EXERCISE DIRECTIONS: Here are the records. Print them all exactly.

SUPPLIED RECORDS:
------------------------------------------------------------

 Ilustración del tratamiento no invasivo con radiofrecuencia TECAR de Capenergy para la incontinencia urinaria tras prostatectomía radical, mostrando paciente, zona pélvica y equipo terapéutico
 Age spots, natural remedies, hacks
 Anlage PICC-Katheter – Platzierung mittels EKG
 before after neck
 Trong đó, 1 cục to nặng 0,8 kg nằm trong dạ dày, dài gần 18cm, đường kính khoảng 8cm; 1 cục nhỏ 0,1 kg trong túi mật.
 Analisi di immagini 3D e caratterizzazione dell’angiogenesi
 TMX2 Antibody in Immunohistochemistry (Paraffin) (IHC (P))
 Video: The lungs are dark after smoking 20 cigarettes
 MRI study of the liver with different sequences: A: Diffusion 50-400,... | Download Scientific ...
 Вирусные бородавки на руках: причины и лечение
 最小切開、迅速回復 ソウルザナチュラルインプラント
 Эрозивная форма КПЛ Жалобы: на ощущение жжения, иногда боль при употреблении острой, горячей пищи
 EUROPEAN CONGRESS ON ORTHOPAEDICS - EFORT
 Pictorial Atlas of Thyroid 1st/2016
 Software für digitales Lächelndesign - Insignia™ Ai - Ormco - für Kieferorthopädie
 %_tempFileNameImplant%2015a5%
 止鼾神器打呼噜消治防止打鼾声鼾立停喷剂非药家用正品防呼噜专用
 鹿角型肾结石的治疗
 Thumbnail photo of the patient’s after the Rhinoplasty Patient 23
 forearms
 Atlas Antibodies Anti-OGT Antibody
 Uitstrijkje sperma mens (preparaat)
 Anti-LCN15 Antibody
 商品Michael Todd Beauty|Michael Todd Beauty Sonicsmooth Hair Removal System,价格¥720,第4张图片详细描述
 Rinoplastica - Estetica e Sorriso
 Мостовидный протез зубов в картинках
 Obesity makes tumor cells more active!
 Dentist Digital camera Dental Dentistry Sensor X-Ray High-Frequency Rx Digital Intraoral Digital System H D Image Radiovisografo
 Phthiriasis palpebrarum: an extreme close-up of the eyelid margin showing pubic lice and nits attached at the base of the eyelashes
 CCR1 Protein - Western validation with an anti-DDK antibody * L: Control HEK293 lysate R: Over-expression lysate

------------------------------------------------------------

COMPLETED EXERCISE:
 Ilustración del tratamiento no invasivo con radiofrecuencia TECAR de Capenergy para la incontinencia urinaria tras prostatectomía radical, mostrando paciente, zona pélvica y equipo terapéutico
 Age spots, natural remedies, hacks
 Anlage PICC-Katheter – Platzierung mittels EKG
 before after neck
 Trong đó, 1 cục to nặng 0,8 kg nằm trong dạ dày, dài gần 18cm, đường kính khoảng 8cm; 1 cục nhỏ 0,1 kg trong túi mật.
 Analisi di immagini 3D e caratterizzazione dell’angiogenesi
 TMX2 Antibody in Immunohistochemistry (Paraffin) (IHC (P))
 Video: The lungs are dark after smoking 20 cigarettes
 MRI study of the liver with different sequences: A: Diffusion 50-400,... | Download Scientific ...
 Вирусные бородавки на руках: причины и лечение
 最小切開、迅速回復 ソウルザナチュラルインプラント
 Эрозивная форма КПЛ Жалобы: на ощущение жжения, иногда боль при употреблении острой, горячей пищи
 EUROPEAN CONGRESS ON ORTHOPAEDICS - EFORT
 Pictorial Atlas of Thyroid 1st/2016
 Software für digitales Lächelndesign - Insignia™ Ai - Ormco - für Kieferorthopädie
 %_tempFileNameImplant%2015a5%
 止鼾神器打呼噜消治防止打鼾声鼾立停喷剂非药家用正品防呼噜专用
 鹿角型肾结石的治疗
 Thumbnail photo of the patient’s after the Rhinoplasty Patient 23
 forearms
 Atlas Antibodies Anti-OGT Antibody
 Uitstrijkje sperma mens (preparaat)
 Anti-LCN15 Antibody
 商品Michael Todd Beauty|Michael Todd Beauty Sonicsmooth Hair Removal System,价格¥720,第4张图片详细描述
 Rinoplastica - Estetica e Sorriso
 Мостовидный протез зубов в картинках
 Obesity makes tumor cells more active!
 Dentist Digital camera Dental Dentistry Sensor X-Ray High-Frequency Rx Digital Intraoral Digital System H D Image Radiovisografo
 Phthiriasis palpebrarum: an extreme close-up of the eyelid margin showing pubic lice and nits attached at the base of the eyelashes
 CCR1 Protein - Western validation with an anti-DDK antibody * L: Control HEK293 lysate R: Over-expression lysate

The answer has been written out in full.